Des tests linguistiques pour immigrants jugés déraisonnables, surtout en pandémie

OTTAWA — Les diplômés internationaux et les travailleurs essentiels admissibles à une demande de résidence permanente dans le cadre d’un nouveau programme fédéral estiment qu’il est déraisonnable de les obliger à repasser des tests de compétence linguistique — surtout en pleine pandémie.

Akshay Aman, un stagiaire en droit qui travaille actuellement comme gardien de sécurité à Toronto, affirme que les étudiants étrangers ont déjà prouvé leur maîtrise de l’anglais ou du français lorsqu’ils ont été admis dans un établissement d’enseignement au Canada et qu’ils ont obtenu leur visa d’étudiant.

Il soutient par ailleurs que les sites internet qui offrent des tests de compétence linguistique approuvés par le gouvernement pendant la pandémie se sont littéralement effondrés depuis l’annonce du nouveau programme, la semaine dernière.

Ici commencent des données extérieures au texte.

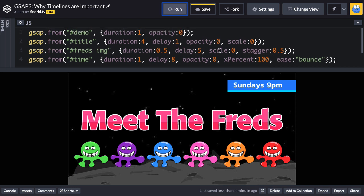Another problem with loose tweens is that if I want to repeat, control, play, or pause the animation, I can't just give all these tweens individual names and tell them all to pause and reverse at the same time — it just wouldn't work. So a timeline is going to solve these problems. As we go through the course, I'll show you how efficient timelines are in day-to-day production. Let's build this the right way using a timeline.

Des milliers de candidats auraient alors eu du mal, selon lui, à s’inscrire à un test à distance.

Toutes les places sont réservées jusqu’à la fin du mois de septembre, a-t-il déclaré, ajoutant qu’après avoir échoué à réserver un test à Toronto, il a essayé d’en trouver un en Alberta ou en Colombie-Britannique, mais tous les examens y sont également réservés.

Il a ajouté qu’il n’était pas sécuritaire d’exiger que des dizaines de milliers de gens subissent des tests de compétence linguistique en personne pendant la pandémie de COVID-19.

«Ils devraient retarder (cette exigence) ou ils peuvent l’abandonner parce que nous avons déjà nos diplômes», a-t-il fait valoir.

Le nouveau programme fédéral vise à accorder rapidement à 90 000 travailleurs essentiels ou diplômés étrangers qui sont actuellement au Canada un statut de résident permanent. Le ministère de l’Immigration commencera le 6 mai prochain à accepter jusqu’à 50 000 demandes de travailleurs de la santé et d’autres travailleurs essentiels et 40 000 demandes d’étudiants étrangers diplômés d’un établissement d’enseignement canadien.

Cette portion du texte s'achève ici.